First settlement: 00:00 (UTC+8 / Beijing time) Second settlement: 08:00 (UTC+8) Third settlement: 16:00 (UTC+8)

Only traders holding positions at these exact moments pay or receive funding. If you close your position before settlement, you don't pay.

A crucial detail: the funding fee is settled instantly at these times, not prorated by how long you've held the position. Even if you opened your position one second before settlement, you pay the full funding fee as long as you're holding at the settlement moment.

How to Check the Current Funding Rate

In the APP

Open the Binance APP futures trading page. Above the candlestick chart or in the trading pair info area, you'll see a "Funding Rate" figure with a countdown showing time until the next settlement.

For example, "Funding Rate 0.0100% / 02:35:18" means the current rate is 0.01% and the next settlement is in 2 hours, 35 minutes, 18 seconds.

Historical Funding Rates

On the Binance APP or website, find the "Funding Rate History" page to view past funding rate changes for any trading pair. This is very helpful for analyzing market sentiment and trends.

Generally, a persistently positive funding rate signals strong bullish sentiment, while a persistently negative rate indicates bearish dominance. A sudden spike or drop in the funding rate often signals an impending market reversal.

How the Funding Fee Is Calculated

Formula: Funding Fee = Position Value x Funding Rate.

Example: You hold a 10,000 USDT BTC long position. The current funding rate is +0.01%. At settlement, you pay 10,000 x 0.01% = 1 USDT. This is deducted from your margin and transferred directly to short holders.

If the rate is -0.01%, you receive 1 USDT instead, as shorts pay longs.

Typical Range

Under normal conditions, the funding rate fluctuates between 0.005% and 0.03%. During extreme market moves, it can surge to 0.1% or even above 0.5%.

For example, during a strong rally with heavy long positioning, the funding rate might hit 0.3%. A 10,000 USDT long position would then cost 30 USDT per 8 hours — that's 90 USDT per day, a very significant expense.

How to Use Funding Rates in Your Trading

Avoid Opening Longs During High Positive Rates

When the funding rate is extremely high (above 0.1%), it signals overheated bullish sentiment. Opening long not only means high funding costs but also elevated pullback risk. Experienced traders often reduce or close positions when funding rates spike.

Funding Rate Arbitrage

Some traders use funding rates for low-risk arbitrage: buy a coin on the spot market (long spot) while simultaneously opening an equal short on futures. Price movements cancel out, but if the funding rate is positive, you collect funding payments as a short holder.

Returns are modest but risk is very low — suitable for large-capital conservative investors.

Close Before Settlement

Short-term traders can watch settlement times. If your position direction means paying a high funding fee at the upcoming settlement, close before the settlement and reopen afterward to avoid the charge.

Note that closing and reopening both incur trading fees, so this only makes sense when the funding rate is relatively high.

Funding Rate as a Sentiment Indicator

The funding rate is an excellent gauge of market sentiment.

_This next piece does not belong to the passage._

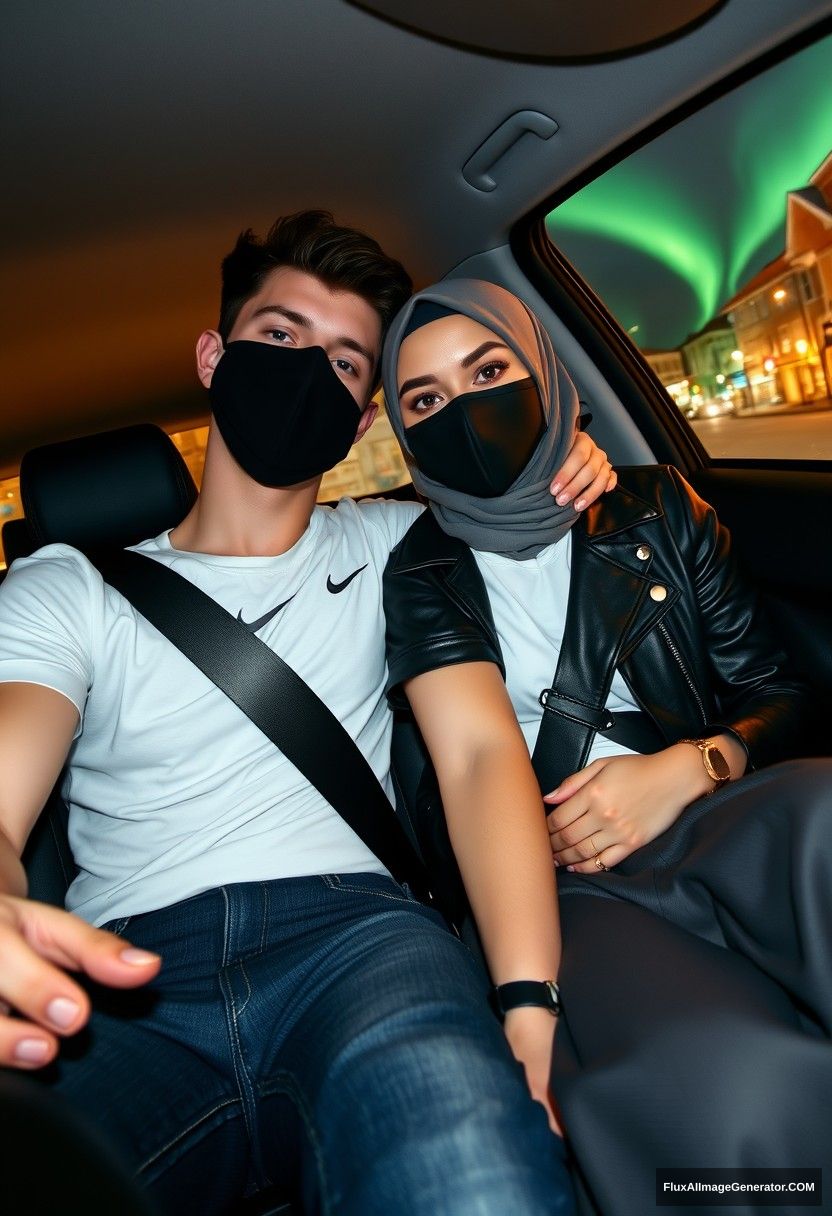 Jamie Dornan, tall, young, wearing a black face mask, a white Nike t-shirt, and jeans, dating a beautiful Muslim girl in a grey hijab with lovely eyes, also wearing a black face mask, a leather jacket, and a very long and wide skirt. She is not tall. They are sitting together in a car, her head resting on his shoulder, in a town setting, photorealistic selfie photos, at night with an aurora borealis. - Image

Rising rates signal growing bullish strength — but also potential overcrowding that could precede a pullback. Falling or negative rates signal bearish dominance — but potential short-side overcrowding that could precede a bounce.

Many experienced traders use the funding rate as a contrarian indicator: consider shorting when rates are extremely high, and going long when rates are extremely low. Of course, this is supplementary analysis, not a standalone trading signal.

Q: Does the funding fee go to the exchange?

A: No. The funding fee is exchanged directly between longs and shorts — the exchange merely facilitates the settlement process and doesn't take a cut. The exchange earns money from trading fees, not funding rates.

Q: Do I pay the funding fee even if I've held my position for less than 8 hours?

A: As long as you hold a position at the settlement time (00:00, 08:00, or 16:00 UTC+8), you pay or receive the full funding fee regardless of how long you've held it — even if you opened one minute before settlement. Conversely, if you open and close between two settlement times, you pay no funding fee at all.